Kavy Ramano : « Aucun compromis n’est possible »

– Des discussions entamées avec les embouteilleurs concernant les bouteilles PET

Le ministre de l’Environnement, Kavy Ramano, a été on ne peut plus clair mardi dernier à l’Assemblée nationale : « Aucun compromis n’est possible dans la protection de l’environnement si nous voulons protéger les générations futures. Il faut avoir la force de ses convictions et il fallait venir de l’avant avec un “cut-off date”. » Il explique que des consultations ont été menées « avec toutes les parties prenantes » que ce soit pour les produits interdits ou encore pour fixer les “cut-off dates”.

Le ministre dit s’être assuré que deux critères fondamentaux soient respectés, soit d’abord l’existence des produits alternatifs sur le marché, mais aussi que ces produits alternatifs soient accessibles à des prix raisonnables, ajoutant : « Je suis personnellement satisfait aujourd’hui que les consommateurs et les petites et moyennes entreprises mauriciennes se sont adaptés à cette exigence que requiert la protection de l’environnement. » Au 15 avril dernier, 90 demandes d’enregistrement d’importateurs de produits en plastique biodégradable sous les Environment Protection (Control of Single Use Plastic Products) Regulations 2020 et 115 demandes de l’enregistrement en vertu des Environment Protection (Banning of Plastic Bags) Regulations 2020 ont été reçues au ministère de l’Environnement. Ce qui « démontre une évolution positive vers des alternatives compostables et biodégradables », déclare Kavy Ramano.

Le ministre précise avoir reçu des représentations de la Chambre de commerce et de la MEXA concernant les nouveaux règlements, et que « dans un esprit d’ouverture, de réactivité, plusieurs séances de travail ont été organisées avec toutes les personnes concernées ». C’est d’ailleurs dans cet esprit qu’un moratoire additionnel sur certains produits a été étendu au 14 avril dernier.

Le gouvernement a également accepté un moratoire jusqu’au 14 janvier 2022 concernant l’interdiction des produits en plastique, ce qu’on appelle les “Modified Atmosphere Packaging”, notamment pour les gobelets en plastique et bols en plastique utilisés uniquement pour l’emballage de produits alimentaires, tels que produits laitiers, yaourts, glaces et desserts, et aussi en ce qui concerne les “Modified Atmosphere Packaging”. Cela concerne les produits alimentaires frais, cuits, précuits – tels que viande, fruits de mer, etc. À ce stade, le ministre se dit « assez satisfait » de la réaction des grandes surfaces et des petits commerces pour s’adapter aux produits alternatifs.
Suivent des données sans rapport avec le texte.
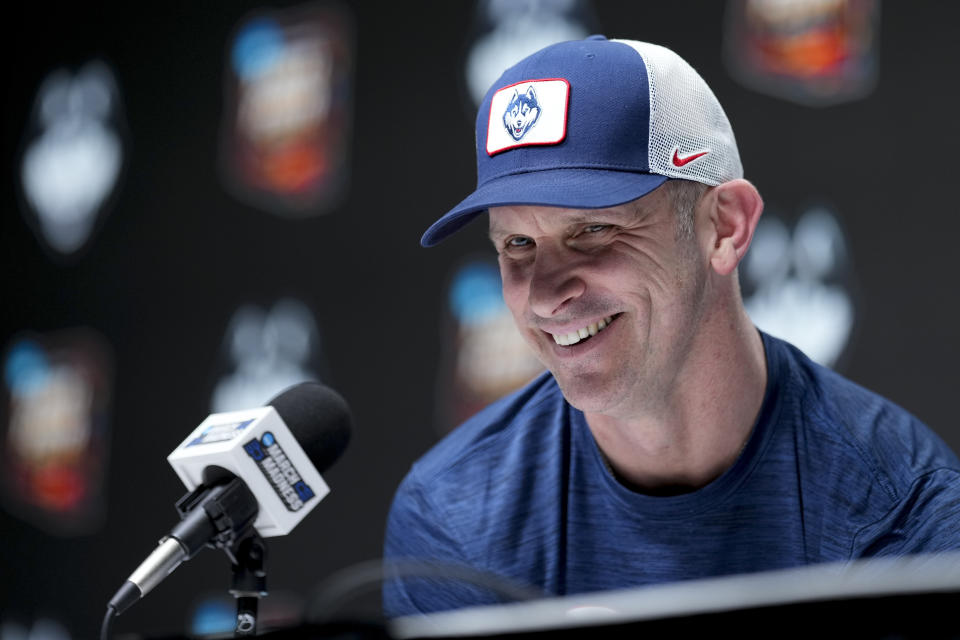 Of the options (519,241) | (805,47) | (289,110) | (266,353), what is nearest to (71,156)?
(289,110)

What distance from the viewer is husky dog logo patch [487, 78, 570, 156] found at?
3.94 ft

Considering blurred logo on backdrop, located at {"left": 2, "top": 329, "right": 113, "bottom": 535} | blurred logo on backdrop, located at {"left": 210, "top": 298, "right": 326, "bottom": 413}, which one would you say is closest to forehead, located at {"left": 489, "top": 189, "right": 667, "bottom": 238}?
blurred logo on backdrop, located at {"left": 210, "top": 298, "right": 326, "bottom": 413}

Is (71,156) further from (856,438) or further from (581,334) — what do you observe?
(856,438)

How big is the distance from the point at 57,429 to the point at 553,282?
206 centimetres

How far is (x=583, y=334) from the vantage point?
1.25 meters

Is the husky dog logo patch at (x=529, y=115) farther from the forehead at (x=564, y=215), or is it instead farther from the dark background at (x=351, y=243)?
the dark background at (x=351, y=243)

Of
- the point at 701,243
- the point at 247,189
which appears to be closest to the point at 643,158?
the point at 701,243

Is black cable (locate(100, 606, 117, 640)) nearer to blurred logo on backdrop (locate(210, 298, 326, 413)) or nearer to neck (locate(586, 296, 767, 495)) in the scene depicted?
neck (locate(586, 296, 767, 495))

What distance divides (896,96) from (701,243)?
905 mm

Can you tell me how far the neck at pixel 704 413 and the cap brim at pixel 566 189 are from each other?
0.20 m

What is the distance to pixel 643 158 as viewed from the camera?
1.20m

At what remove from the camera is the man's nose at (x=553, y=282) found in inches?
48.0

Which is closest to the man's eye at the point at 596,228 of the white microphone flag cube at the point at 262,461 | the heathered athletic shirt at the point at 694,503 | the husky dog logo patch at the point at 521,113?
the husky dog logo patch at the point at 521,113

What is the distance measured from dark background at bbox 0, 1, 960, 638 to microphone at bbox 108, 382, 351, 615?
45.9 inches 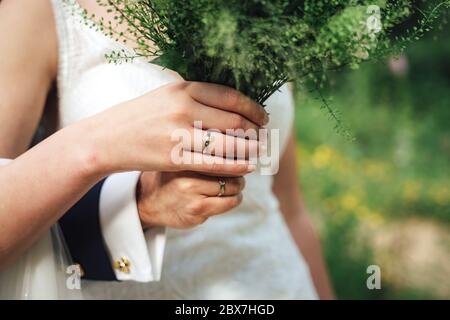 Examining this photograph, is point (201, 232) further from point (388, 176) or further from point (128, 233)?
point (388, 176)

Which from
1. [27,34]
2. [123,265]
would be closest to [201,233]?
[123,265]

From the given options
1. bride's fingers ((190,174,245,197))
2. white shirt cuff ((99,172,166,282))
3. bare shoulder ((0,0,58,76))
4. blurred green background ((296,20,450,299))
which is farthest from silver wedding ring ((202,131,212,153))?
blurred green background ((296,20,450,299))

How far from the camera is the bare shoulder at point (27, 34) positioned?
1084 millimetres

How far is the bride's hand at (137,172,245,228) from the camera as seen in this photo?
39.8 inches

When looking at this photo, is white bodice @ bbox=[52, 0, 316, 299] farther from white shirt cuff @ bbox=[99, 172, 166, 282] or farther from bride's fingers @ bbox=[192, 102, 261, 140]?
bride's fingers @ bbox=[192, 102, 261, 140]

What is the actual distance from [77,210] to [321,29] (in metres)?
0.61

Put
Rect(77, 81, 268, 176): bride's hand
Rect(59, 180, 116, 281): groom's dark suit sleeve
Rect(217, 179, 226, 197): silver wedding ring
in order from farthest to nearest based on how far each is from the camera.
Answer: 1. Rect(59, 180, 116, 281): groom's dark suit sleeve
2. Rect(217, 179, 226, 197): silver wedding ring
3. Rect(77, 81, 268, 176): bride's hand

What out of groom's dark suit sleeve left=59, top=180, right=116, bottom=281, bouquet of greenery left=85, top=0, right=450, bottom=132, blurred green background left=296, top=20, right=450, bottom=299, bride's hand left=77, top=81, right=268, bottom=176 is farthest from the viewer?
blurred green background left=296, top=20, right=450, bottom=299

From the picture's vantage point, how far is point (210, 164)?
0.92m

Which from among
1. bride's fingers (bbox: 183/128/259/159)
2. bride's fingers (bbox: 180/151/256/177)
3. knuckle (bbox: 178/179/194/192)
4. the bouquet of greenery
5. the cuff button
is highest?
the bouquet of greenery

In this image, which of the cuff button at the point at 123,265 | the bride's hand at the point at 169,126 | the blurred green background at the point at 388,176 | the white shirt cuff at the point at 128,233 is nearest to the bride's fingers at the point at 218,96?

Interrogé par le député Osman Mahomed sur le sort réservé aux bouteilles PET, il qualifie les producteurs de ces bouteilles de « gros pollueurs ». Il rappelle que ces derniers sont tenus de collecter les bouteilles en plastique. « Mais nous avons constaté que de ces 125 millions à 130 millions de bouteilles en PET, seulement 40% sont collectées par les différents embouteilleurs. Les 60% qui restent sont malheureusement laissées dans la nature. C’est inacceptable. » Kavy Ramano explique que des discussions sont en cours avec les embouteilleurs « sur différents types de propositions ».